Loss of Interleukin (IL)-10 Is Associated With Increased Vascular Inflammation and Sex-Differences in Metabolic Outcomes of Normal Diet-Fed Mice

Abstract

Objectives: The anti-inflammatory cytokine, IL-10, plays an important role in reducing the risk of many inflammatory diseases. This study investigated the time and sex effects of IL-10 gene deletion on metabolic risk factors that contribute to the development of cardiovascular disease.

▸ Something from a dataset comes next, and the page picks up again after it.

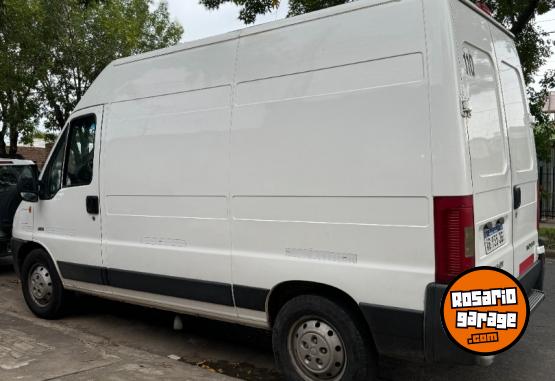 Utilitarios - Peugeot Boxer 2017 Diesel 200000Km - En Venta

Methods: Six-wk-old male and female B6.129P2-Il10tm1Cgn/J (IL-10–/–) and C57BL/6 (WT) mice (n = 12–16/group) were randomly assigned to 12- or 24-wk time points and were fed growth (AIN-93G) diet up to 3 m of age and then maintenance diet (AIN-93M) for the remainder of the study. Monthly fasting glucose was assessed as well as intraperitoneal glucose tolerance test (ipGTT), body composition, and serum metabolic parameters at each study end point. Cardiac and vascular adhesion molecules, macrophage marker F4/80, and sterol metabolism genes were assessed using qPCR. Data were analyzed using t-test and 2-way ANOVA with strain and gender as factors, and α = 0.05.

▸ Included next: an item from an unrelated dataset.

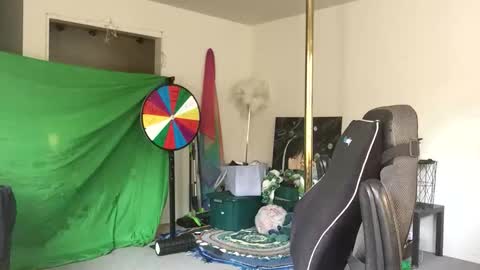 BustyPrincessLeila online show from 04.23.26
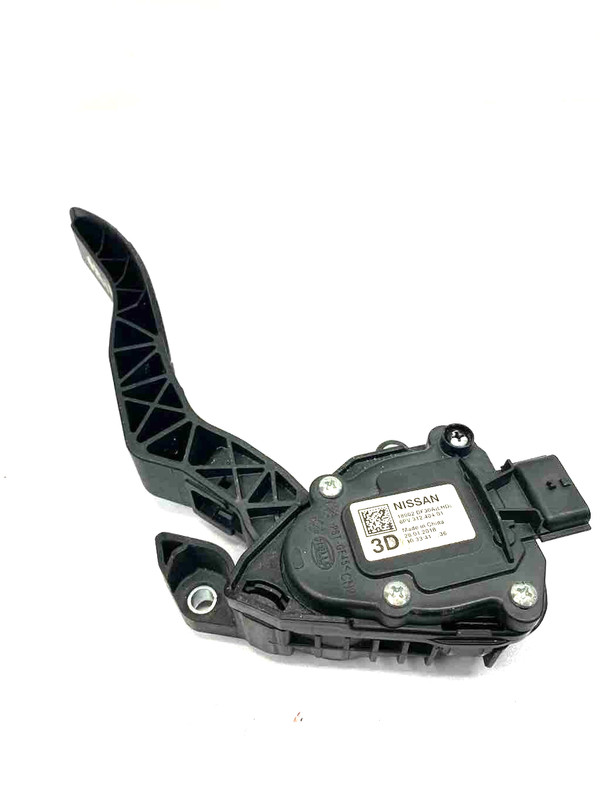 Nissan Rogue Sport accelerator pedal 2018 pedal assembly 2.0L OEM 18002DF30A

Results: IL-10 deletion resulted in weight loss (p < 0.05) coinciding with reduced fat mass and % fat (P < 0.05) in both sexes of IL-10–/–. Loss of IL-10 had no effect on fasting glucose at any time point in either sex; however, a delayed response to glucose challenge and increased AUC with the ipGTT (P < 0.05) occurred in male IL-10–/– vs WT mice. No strain effect was observed on serum lipids at 12 wks, but cholesterol and high-density lipoprotein (HDL)-C were reduced (P < 0.05) in IL-10–/– vs WT mice at 24 wks. Only male IL-10–/– mice exhibited elevated (P < 0.05) non-HDL cholesterol and tended (P = 0.072) to have elevated triglycerides vs WT mice at 24 wks. In conjunction with serum lipid changes, male IL-10–/– mice increased (P < 0.05) hepatic transcription of β-hydroxy β-methylglutaryl-CoA (HMG-CoA), whereas HMGCoA transcript tended to be repressed (≥ –53.5%; P = 0.08) in female IL-10–/– vs WT mice. At 12 and 24 wks, IL-10–/– exhibited increased (P < 0.05) circulating c-reactive protein and aortic and cardiac gene expression of VCAM-1, ICAM-1, and iNOS. The only increase in the F4/80 macrophage marker occurred in male IL-10–/– mice vs WT at 24 wks.

Conclusions: Loss of IL-10 was associated with different metabolic responses in male and female mice and could be detrimental to cholesterol-mediated metabolic processes in female mice on a control diet.